Cuenta el director que fue la madre de Mauricio quien prácticamente le hizo el encargo de hacer una película sobre su hijo. La madre a la que apenas vemos y escuchamos una escena, de espaldas, en uno de los momentos más emotivos de la película. La mujer que cuida y que sabe, la que pudo liberarse del padre patriarca. Porque La estrella azul, más allá de toda esa lectura que en ella podemos hacer sobre lo que significa crear y sobre el sentido político que tiene o puede tener el arte, es también una historia sobre dos hombres tocados por la varita mágica de la sensibilidad y de la capacidad de mirar más allá de donde ven los otros. Dos poetas, dos viajeros, dos extraños. Mauricio y su hermano. Pedro y el rockero. Tan iguales y tan diferentes. Dos piezas condenadas a encajar en el puzzle de lo eterno. Dos víctimas de aquellos años de tantas sacudidas mortales en los cuerpos, en los que en este país andábamos a la búsqueda con frecuencia incierta de la mejor manera de vivir la libertad. Es así como este milagroso largometraje acaba siendo también, quizás sin pretenderlo, una crónica de lo que fuimos.

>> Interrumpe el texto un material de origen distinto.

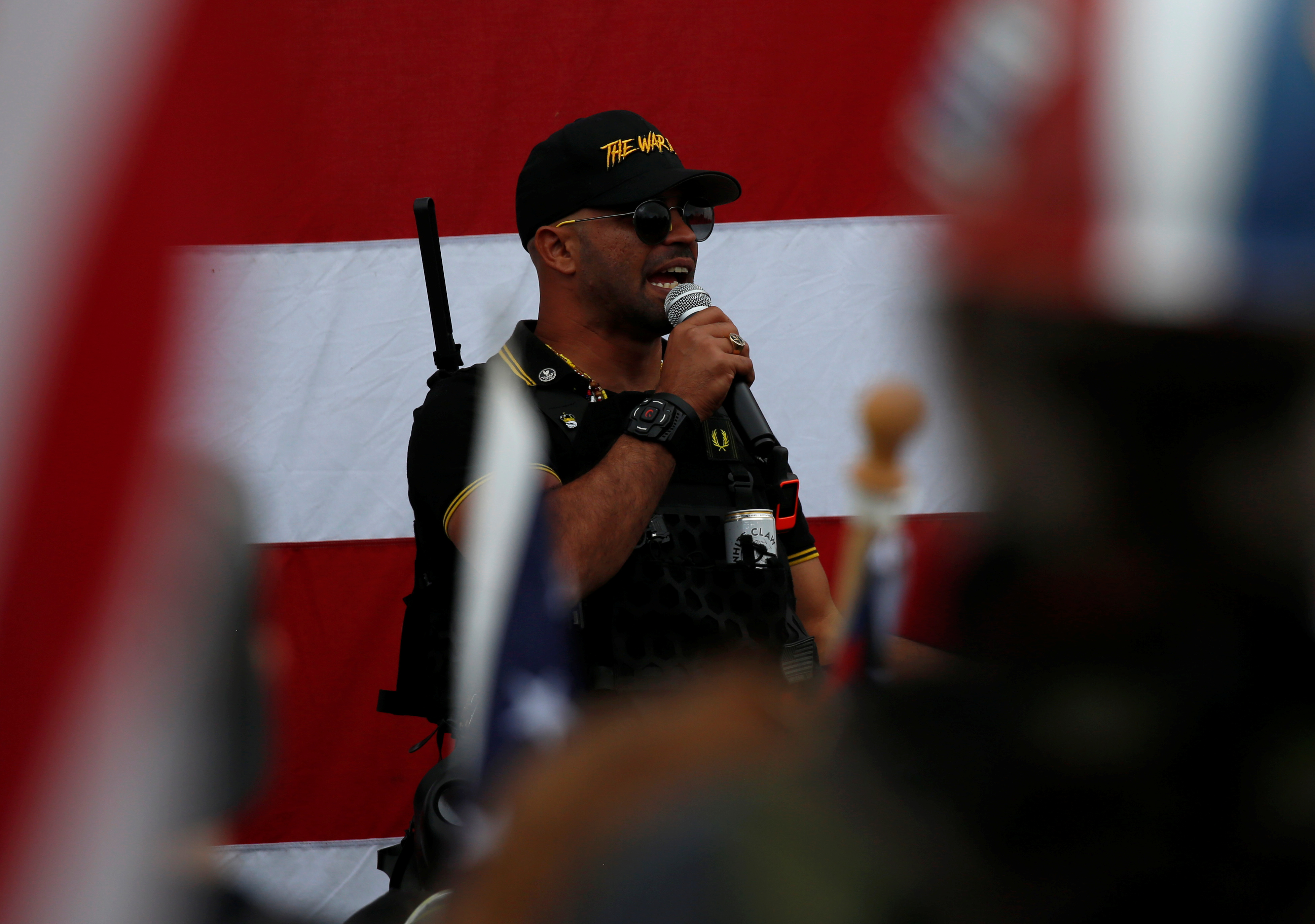 Exclusive: Proud Boys Leader Was ‘prolific’ Informer For Law ...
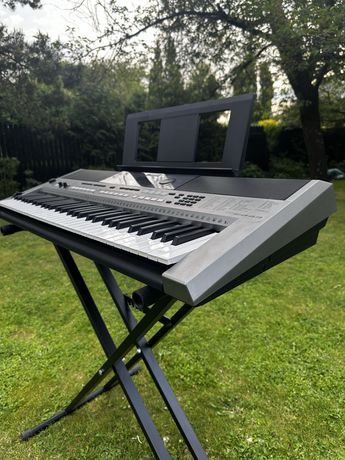 Yamaha Keyboard Elektryczne Pianino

Estoy seguro que caminaré muchos días llevando en mi mochila a Mauricio, a Pedro, a los Carabajal, al caballo silencioso y al Ebro embriagado y a la madre que da las buenas noches al hijo pródigo. Estaré atento para no dejarla olvidada en alguno de los trenes que habitualmente cojo. No me lo perdonaría a mí mismo ni tampoco la señora que podría ser mi madre y que ayer, detrás de mí en la sala de cine, al terminar los títulos de crédito, parecía estallar de emoción mientras no paraba de decir "qué bonita, qué bonita..." mientras que sus ojos brillaban entre lágrimas y sonrisas.